M E M O R A N D U M   O P I N I O N

Appellant, Milton Carelle Kelley, challenges his convictions for possession of marijuana and possession of cocaine.  The trial court assessed punishment at confinement for four years for the marijuana conviction and five years for the cocaine conviction.  Appellant contends that the evidence was legally and factually insufficient to support his conviction.  We affirm.


Background

On November 1, 2006, the Gulf Coast Violent Offenders Task Force[1] executed an arrest warrant at a residence located at 8026 Green River in Harris County.  The task force received a tip from Crime Stoppers that a person or persons would be at the residence with narcotics and money.  The warrant was for John Boutte, and was based on a parole violation on an aggravated robbery sentence. 

Sergeant Lennie Rasberry of the Harris County Sheriff=s Department led a team of eight to ten officers who executed the warrant.  Sergeant Rasberry approached the front of the residence while Officers Juan Johnson and Jeffrey Sparks approached the back door.  The path to the back door was blocked by three pit-bull dogs who were chained to a dog house.  As Officers Sparks and Johnson approached the door, they walked carefully around the dogs.  As he walked toward the back door, Officer Sparks looked in a side window where an air conditioning window-unit was installed.  The space around the window unit had been filled with clothing, which had shifted, so Officer Sparks could see inside the residence.  He saw two men sitting at a table shuffling a white powdery substance between larger and smaller plastic bags.  As Officers Sparks and Johnson took up their positions next to the back door, the two men came to the door and attempted to leave the residence.  When the men saw the officers, they slammed the door, locked it, and ran through the house.  Officers Sparks and Johnson immediately breached the door and chased the men through the house.  The officers apprehended the men in the bathroom of the house where they were attempting to escape through the bathroom window. 


Sergeant Rasberry and the other officers at the front door heard the running footsteps in the house and breached the front door.  By the time Sergeant Rasberry entered the house, the two men were handcuffed.  The men were later identified as John Boutte and appellant.  The task force searched the house and found cocaine on the kitchen table and marijuana and a weapon on the coffee table in the living room.  All three officers testified that the house was very small and the kitchen and living room were in one room. 

At trial, a chemist testified that the cocaine recovered from the house weighed 6.2 grams and the marijuana weighed 8.9 ounces. 

Appellant presented the testimony of two witnesses at trial.  Diane Edmiston, the owner of the house at 8026 Green River, testified that Joseph Kelley, appellant=s uncle, lives in the house in exchange for maintenance and other odd jobs.  Turshea Kossie, appellant=s fiancé, testified that on the day of his arrest, she drove appellant to the house to work with his uncle.  Edmiston testified that she usually picks up appellant and Joseph Kelley from the residence in the afternoon and drives them to various locations where they perform odd jobs for her.  Edmiston testified that the packing material around the window-unit air conditioner makes it impossible for anyone to see through that window.

Appellant was subsequently convicted of possession of cocaine and marijuana.

Analysis

Appellant challenges both the legal and factual sufficiency of the evidence to support the jury=s finding that he had care, custody and control over the controlled substances found in the house.

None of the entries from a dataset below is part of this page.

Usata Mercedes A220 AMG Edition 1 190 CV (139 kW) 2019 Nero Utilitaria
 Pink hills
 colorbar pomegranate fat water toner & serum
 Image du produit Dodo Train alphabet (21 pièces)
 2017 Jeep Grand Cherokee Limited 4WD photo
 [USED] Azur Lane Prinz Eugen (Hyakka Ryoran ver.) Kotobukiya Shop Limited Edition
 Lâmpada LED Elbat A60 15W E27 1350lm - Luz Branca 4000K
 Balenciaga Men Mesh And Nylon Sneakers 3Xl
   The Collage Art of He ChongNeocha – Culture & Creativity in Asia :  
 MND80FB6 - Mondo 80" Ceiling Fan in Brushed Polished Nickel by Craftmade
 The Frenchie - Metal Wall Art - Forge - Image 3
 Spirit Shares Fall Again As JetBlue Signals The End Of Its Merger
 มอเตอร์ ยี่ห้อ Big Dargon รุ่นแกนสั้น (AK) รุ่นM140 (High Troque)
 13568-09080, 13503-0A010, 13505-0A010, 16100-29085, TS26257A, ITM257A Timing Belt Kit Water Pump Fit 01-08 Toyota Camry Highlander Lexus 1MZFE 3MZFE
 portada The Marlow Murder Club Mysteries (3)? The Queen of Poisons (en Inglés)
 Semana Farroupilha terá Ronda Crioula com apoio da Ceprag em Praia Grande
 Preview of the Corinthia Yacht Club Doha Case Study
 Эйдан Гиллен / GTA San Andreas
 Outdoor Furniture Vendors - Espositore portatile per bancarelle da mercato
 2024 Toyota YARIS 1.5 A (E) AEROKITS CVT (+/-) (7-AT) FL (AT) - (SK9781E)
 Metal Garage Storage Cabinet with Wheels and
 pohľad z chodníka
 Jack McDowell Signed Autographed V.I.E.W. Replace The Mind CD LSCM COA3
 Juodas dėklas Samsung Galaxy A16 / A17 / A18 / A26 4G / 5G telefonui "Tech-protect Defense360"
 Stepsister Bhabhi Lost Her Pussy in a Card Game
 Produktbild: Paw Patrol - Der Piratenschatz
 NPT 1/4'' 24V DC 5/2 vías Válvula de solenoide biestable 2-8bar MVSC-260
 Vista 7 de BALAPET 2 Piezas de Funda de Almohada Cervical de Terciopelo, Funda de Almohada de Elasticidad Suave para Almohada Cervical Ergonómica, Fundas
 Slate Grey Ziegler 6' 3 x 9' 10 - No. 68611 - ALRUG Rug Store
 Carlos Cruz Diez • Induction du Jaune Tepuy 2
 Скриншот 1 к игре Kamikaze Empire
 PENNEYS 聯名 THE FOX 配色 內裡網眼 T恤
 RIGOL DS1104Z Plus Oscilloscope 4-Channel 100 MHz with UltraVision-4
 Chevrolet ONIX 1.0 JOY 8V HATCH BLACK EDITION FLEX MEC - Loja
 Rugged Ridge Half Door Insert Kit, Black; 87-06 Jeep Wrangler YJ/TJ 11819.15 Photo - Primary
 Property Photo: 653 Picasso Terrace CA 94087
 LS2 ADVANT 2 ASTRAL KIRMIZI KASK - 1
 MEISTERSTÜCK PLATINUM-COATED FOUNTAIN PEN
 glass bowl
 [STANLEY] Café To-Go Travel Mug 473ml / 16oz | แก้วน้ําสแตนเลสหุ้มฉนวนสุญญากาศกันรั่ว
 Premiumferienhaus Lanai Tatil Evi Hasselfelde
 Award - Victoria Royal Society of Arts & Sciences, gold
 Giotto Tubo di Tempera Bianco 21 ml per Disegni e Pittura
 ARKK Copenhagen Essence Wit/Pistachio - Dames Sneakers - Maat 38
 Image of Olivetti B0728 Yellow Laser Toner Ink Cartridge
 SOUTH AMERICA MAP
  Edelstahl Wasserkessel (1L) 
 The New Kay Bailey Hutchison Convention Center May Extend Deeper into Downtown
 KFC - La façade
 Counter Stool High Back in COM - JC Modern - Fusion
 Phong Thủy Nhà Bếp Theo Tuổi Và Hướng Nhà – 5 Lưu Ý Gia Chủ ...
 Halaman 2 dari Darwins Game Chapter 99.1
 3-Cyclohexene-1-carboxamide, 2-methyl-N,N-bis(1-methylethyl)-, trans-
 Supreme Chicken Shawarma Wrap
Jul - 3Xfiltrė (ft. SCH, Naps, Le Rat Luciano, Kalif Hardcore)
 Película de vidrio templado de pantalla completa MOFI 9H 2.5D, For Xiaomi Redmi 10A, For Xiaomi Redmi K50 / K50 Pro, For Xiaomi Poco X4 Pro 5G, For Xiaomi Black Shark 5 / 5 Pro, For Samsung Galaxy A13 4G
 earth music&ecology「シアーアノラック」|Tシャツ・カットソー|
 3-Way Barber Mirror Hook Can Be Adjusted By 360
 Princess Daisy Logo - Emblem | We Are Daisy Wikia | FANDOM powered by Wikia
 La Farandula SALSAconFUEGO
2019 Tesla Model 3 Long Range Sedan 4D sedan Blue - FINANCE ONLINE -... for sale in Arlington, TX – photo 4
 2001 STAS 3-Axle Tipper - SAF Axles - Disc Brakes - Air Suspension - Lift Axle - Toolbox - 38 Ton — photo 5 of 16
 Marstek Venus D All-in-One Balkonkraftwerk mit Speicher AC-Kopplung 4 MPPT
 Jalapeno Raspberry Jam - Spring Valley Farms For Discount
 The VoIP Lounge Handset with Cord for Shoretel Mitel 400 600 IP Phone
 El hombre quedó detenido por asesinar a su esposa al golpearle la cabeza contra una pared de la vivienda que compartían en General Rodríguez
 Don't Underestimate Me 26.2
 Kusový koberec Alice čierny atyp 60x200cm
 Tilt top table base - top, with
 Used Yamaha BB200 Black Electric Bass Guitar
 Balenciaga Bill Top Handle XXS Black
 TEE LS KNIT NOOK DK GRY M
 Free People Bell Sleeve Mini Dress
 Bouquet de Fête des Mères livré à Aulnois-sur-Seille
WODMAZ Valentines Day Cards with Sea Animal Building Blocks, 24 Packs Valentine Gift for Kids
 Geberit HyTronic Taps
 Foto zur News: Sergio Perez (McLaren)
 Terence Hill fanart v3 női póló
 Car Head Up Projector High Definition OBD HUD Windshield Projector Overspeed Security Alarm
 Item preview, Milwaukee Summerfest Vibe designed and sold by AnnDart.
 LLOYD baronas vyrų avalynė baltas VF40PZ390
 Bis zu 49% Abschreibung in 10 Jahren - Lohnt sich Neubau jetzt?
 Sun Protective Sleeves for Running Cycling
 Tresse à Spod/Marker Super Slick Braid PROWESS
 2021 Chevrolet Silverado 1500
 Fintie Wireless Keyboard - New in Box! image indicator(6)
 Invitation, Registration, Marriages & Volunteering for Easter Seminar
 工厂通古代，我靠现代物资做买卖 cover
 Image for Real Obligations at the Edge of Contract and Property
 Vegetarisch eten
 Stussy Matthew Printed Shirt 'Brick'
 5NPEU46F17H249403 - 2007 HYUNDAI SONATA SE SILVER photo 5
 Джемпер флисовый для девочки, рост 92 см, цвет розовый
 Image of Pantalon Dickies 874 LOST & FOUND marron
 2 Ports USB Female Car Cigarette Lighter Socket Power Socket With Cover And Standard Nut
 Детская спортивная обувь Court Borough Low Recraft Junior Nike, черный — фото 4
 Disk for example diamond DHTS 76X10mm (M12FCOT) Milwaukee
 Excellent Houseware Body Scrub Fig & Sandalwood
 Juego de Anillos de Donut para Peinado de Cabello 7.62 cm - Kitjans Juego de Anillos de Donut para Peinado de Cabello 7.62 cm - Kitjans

I.  Legal Sufficiency of Evidence Supporting Finding of Possession

In reviewing legal sufficiency of the evidence, an appellate court will examine the evidence in the light most favorable to the verdict to determine whether any rational finder of fact could have found the essential elements of the offense beyond a reasonable doubt. Jackson v. Virginia, 443 U.S. 307, 319 (1979); Dewberry v. State, 4 S.W.3d 735, 740 (Tex. Crim. App. 1999).  When reviewing legal sufficiency of the evidence, the court does not sit as a thirteenth juror and may not re‑evaluate the weight and credibility of the record evidence or substitute its judgment for that of the fact finder.  Dewberry, 4 S.W.3d at 740.


To prove the offense of possession of a controlled substance, the State was required to show that appellant (1) exercised actual care, control, and management over the controlled substance, and (2) was conscious of his connection with the controlled substance and knew what it was.  See Tex. Health & Safety Code Ann. '' 481.002(38), 481.112(a) (Vernon 2003 & Supp. 2007); Brown v. State, 911 S.W.2d 744, 747 (Tex. Crim. App. 1995).  Because appellant was not in exclusive possession of the residence where the contraband was found, the State must affirmatively link appellant to the contraband.  Brown, 911 S.W.2d at 748.  This proof must have established that his connection with the cocaine and marijuana was more than just fortuitous.  See Poindexter v. State, 153 S.W.3d 402, 406 (Tex. Crim. App.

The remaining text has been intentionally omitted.